Below are the entries. Print only the lines starting at the one with "Bolsa Esportiva Artística" and ending at the one with "MB Warenhandel24 Bettwäsche", exactly, with no pictures.

[PROVIDED DATA — start]

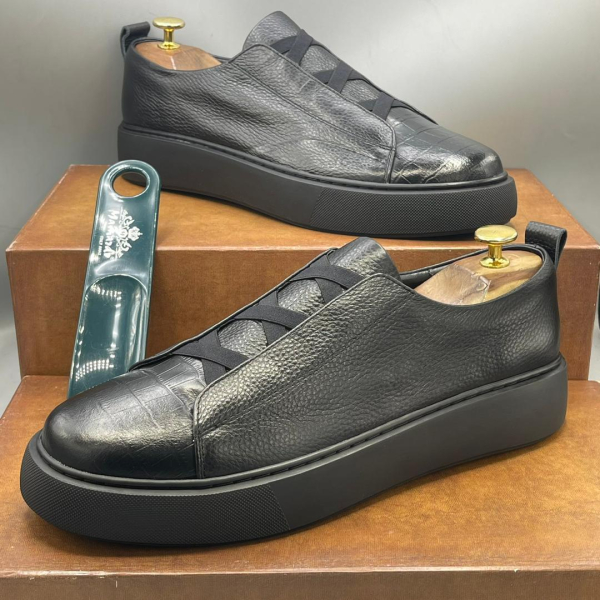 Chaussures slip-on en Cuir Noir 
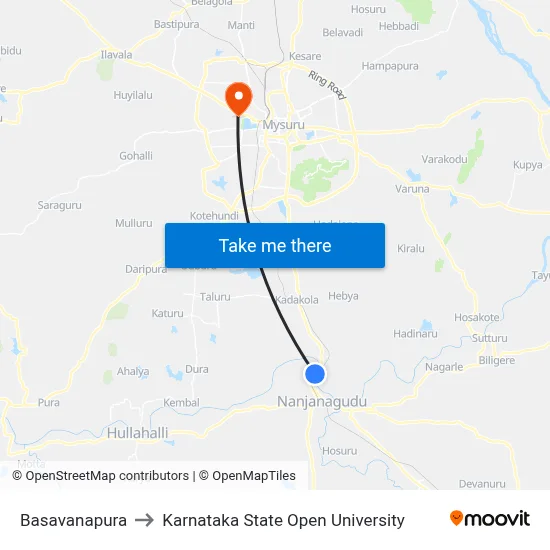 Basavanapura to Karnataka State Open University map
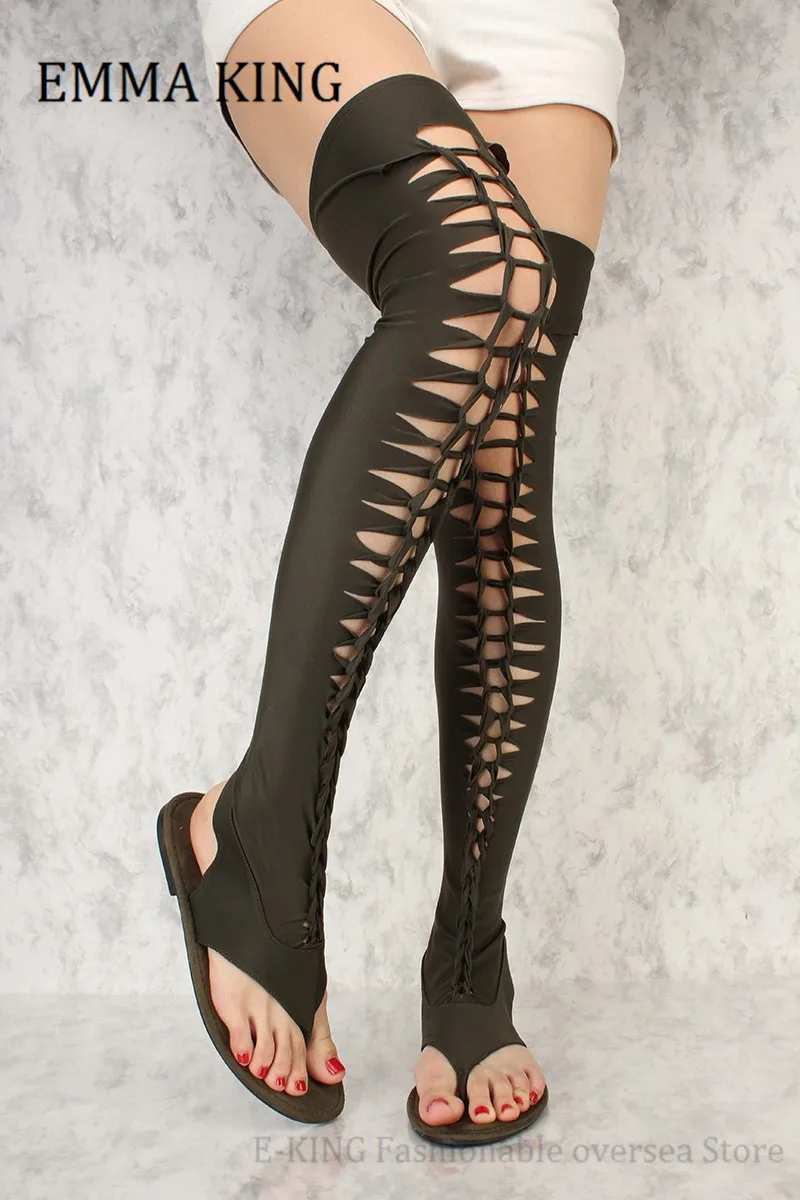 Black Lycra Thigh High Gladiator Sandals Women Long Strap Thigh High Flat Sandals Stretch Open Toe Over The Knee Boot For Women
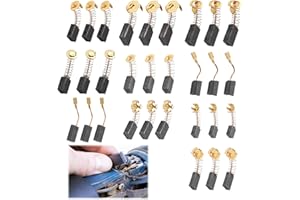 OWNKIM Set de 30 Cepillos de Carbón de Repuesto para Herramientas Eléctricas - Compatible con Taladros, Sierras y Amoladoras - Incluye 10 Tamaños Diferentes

[PROVIDED DATA — finish]
[PROVIDED DATA — start]

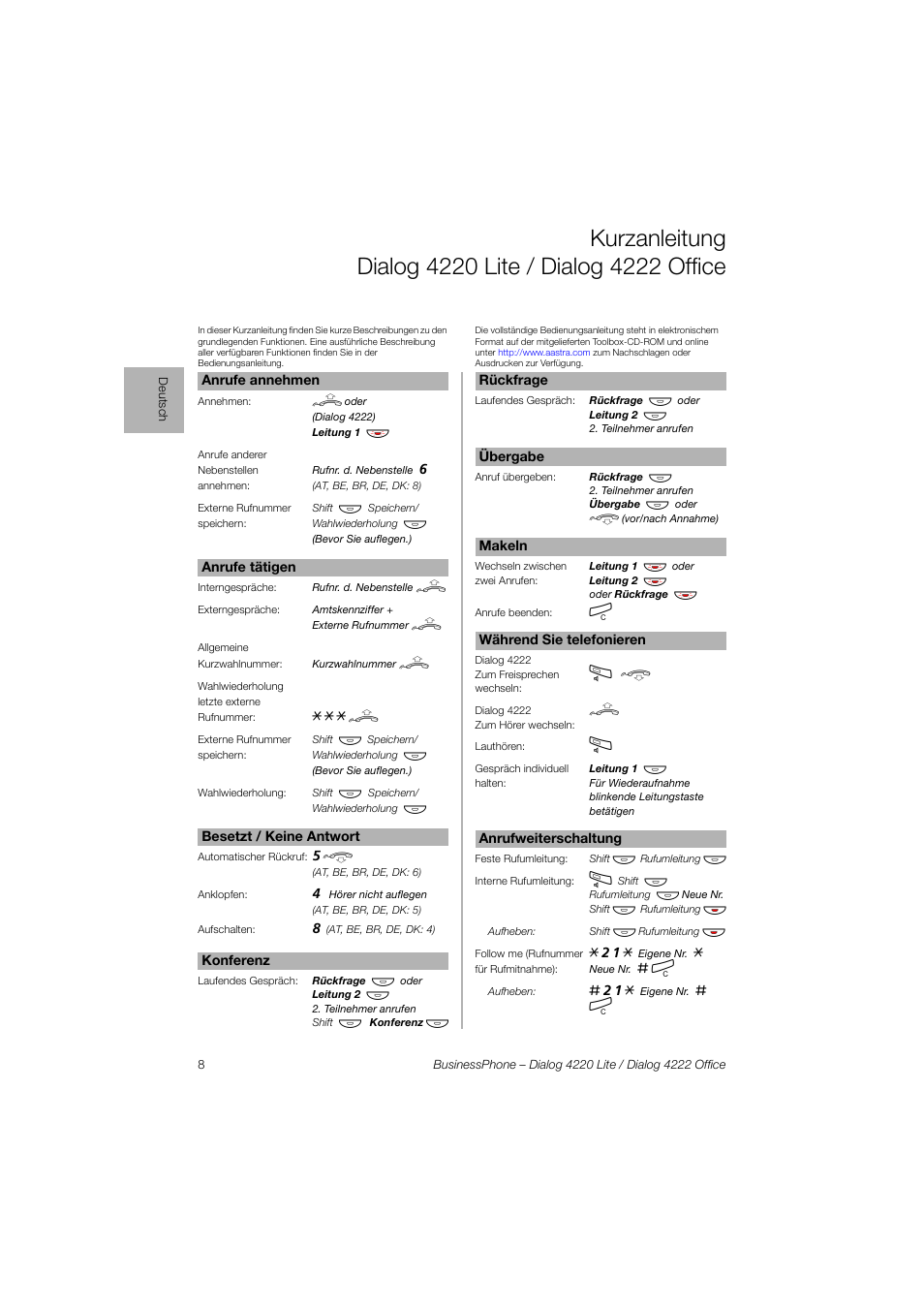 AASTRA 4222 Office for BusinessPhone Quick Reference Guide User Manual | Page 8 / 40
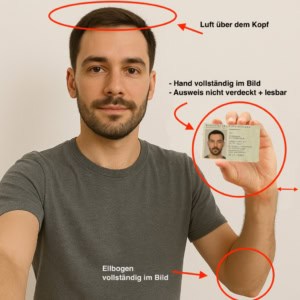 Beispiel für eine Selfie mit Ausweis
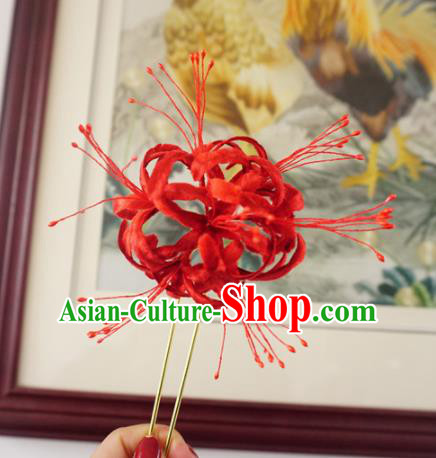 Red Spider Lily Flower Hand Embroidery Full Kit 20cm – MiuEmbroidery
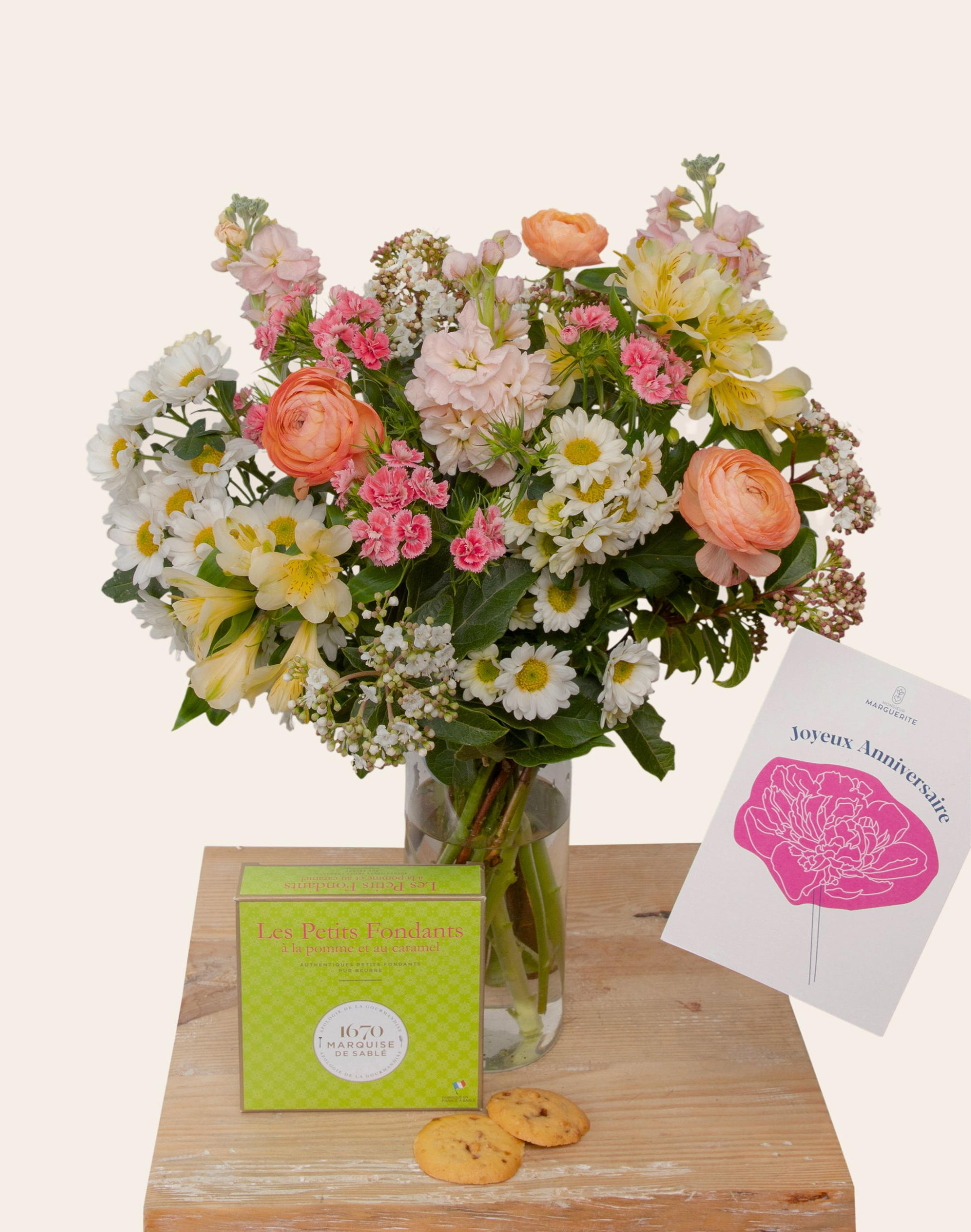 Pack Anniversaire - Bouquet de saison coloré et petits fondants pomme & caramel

[PROVIDED DATA — finish]
[PROVIDED DATA — start]

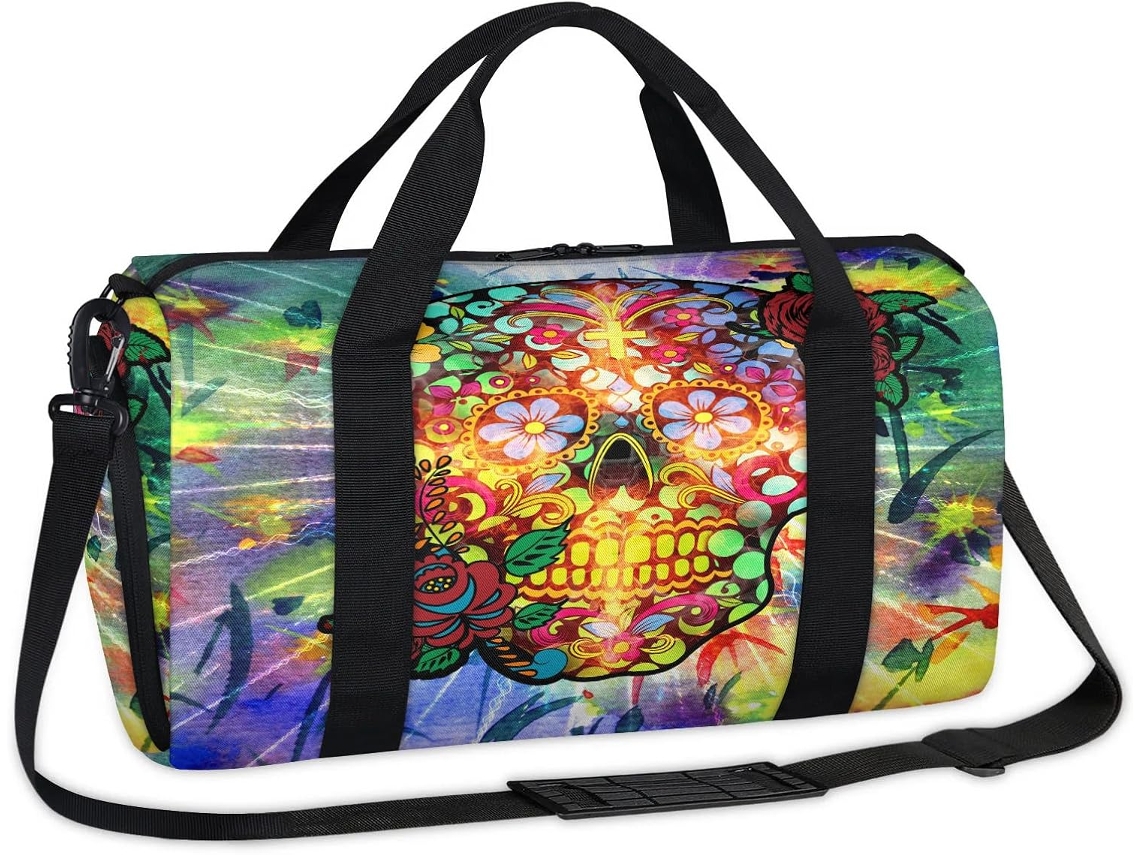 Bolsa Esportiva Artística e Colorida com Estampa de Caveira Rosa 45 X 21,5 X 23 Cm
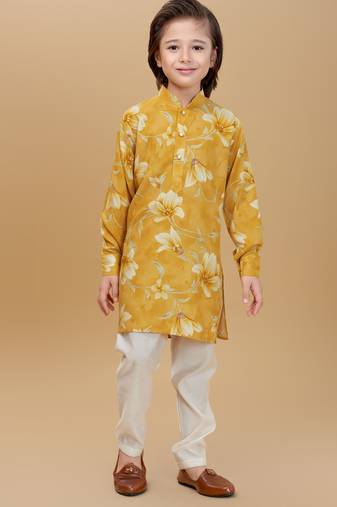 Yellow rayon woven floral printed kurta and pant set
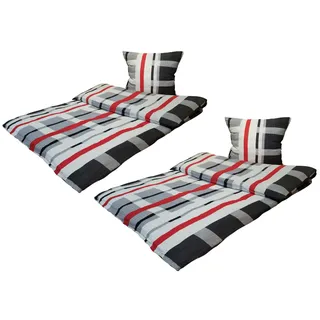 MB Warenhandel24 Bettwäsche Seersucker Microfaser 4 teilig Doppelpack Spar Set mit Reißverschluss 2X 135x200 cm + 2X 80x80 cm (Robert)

[PROVIDED DATA — finish]

**ANSWER**
 Bolsa Esportiva Artística e Colorida com Estampa de Caveira Rosa 45 X 21,5 X 23 Cm
 Yellow rayon woven floral printed kurta and pant set
 MB Warenhandel24 Bettwäsche Seersucker Microfaser 4 teilig Doppelpack Spar Set mit Reißverschluss 2X 135x200 cm + 2X 80x80 cm (Robert)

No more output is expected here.